Indirect Data Validation – for one dropdown to determine the dropdown options in another cell connect it via =INDIRECT(Cell).
Conditional Formatting – placing checks on the value of the dropdown to ensure “income” isn’t being used as an expense and to ensure a numerical amount is being returned, changing the color to red if these conditions are met.

Basic Excel
Given a list of paper stock types and their price basis, I completed a basic paper estimation sheet that consisted of calculated cells, input cells, and drop-down menus.

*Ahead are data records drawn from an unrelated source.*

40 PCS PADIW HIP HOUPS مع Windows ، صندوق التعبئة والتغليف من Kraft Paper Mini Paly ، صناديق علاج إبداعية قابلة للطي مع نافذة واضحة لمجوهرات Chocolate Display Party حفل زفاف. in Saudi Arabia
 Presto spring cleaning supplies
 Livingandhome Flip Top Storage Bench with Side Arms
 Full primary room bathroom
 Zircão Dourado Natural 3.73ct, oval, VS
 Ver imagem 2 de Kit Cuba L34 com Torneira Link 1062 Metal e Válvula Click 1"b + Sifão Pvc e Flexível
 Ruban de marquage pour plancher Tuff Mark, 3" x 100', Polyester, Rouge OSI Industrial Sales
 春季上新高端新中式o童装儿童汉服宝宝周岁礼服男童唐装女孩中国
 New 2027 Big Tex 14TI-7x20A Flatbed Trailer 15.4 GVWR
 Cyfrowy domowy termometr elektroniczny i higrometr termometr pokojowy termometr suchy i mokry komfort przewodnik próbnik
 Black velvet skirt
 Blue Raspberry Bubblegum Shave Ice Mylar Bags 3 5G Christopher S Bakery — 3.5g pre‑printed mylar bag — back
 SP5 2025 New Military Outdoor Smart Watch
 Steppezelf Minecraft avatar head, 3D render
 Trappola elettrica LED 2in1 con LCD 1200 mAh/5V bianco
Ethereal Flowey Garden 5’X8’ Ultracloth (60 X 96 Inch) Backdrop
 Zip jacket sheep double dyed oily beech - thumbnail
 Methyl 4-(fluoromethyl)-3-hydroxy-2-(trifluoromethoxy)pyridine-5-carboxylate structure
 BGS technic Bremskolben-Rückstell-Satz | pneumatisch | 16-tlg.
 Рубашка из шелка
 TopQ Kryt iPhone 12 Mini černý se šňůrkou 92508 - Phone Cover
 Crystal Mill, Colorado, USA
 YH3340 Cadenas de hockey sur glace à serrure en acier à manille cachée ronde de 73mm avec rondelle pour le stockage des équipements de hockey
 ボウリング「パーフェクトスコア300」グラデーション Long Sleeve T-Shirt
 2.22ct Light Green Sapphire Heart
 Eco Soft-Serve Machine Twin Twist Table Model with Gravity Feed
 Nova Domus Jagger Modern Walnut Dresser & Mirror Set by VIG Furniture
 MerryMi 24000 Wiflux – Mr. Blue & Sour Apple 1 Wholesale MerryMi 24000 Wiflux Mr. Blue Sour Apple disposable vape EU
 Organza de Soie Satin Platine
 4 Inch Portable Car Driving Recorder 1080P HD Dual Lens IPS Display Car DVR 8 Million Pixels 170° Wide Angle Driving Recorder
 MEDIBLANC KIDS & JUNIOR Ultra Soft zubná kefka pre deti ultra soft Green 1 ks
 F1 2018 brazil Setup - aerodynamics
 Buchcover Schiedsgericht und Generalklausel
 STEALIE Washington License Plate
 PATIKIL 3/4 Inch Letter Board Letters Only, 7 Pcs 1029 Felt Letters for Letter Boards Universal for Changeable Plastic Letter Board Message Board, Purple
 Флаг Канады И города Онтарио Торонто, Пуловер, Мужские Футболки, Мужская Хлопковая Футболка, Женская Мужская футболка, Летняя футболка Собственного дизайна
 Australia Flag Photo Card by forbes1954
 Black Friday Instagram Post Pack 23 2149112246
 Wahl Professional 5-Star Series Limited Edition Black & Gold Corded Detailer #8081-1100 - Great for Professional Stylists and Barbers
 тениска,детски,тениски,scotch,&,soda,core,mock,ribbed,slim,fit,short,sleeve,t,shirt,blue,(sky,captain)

Dropdowns – combine the list items to be in a dropdown to a single name that will then be referenced when creating a dropdown with data validation, using the name as the source type when validating by list
Error handling – when filling cells with calculations, the IFERROR function was used to provide a message that would prompt the person inputting numbers to re-enter whichever number was causing the error as specified in the message
Nested IF statements – in cells where the output was dependent on an input with a dropdown, multiple IF conditions are combined within one formula to provide the output that corresponded to the dropdown item selected.

Data Cleaning
Provided a csv data file with 5000 records of generated contact information data was cleaned to break down multi-informational fields into smaller chunks. The data set provided had categories name, address, phone number, and email which we then cleaned to break into first name, last name, street address, city, state, and zip code.
Arrays – saved honorifics and credentials to reference them the category in a formula to identify and remove them from the name.
Paste – pasting special by value to split name into first and last after removing honorifics and credentials.
Trim – remove extra spaces after honorifics and credentials have been removed.
Substitute – adding extra spaces to isolate and then separate the first and last names.
Flash Fill – automatically detect patterns and separate data.
Text-to-column – split text into separate columns based on an identified delimiter.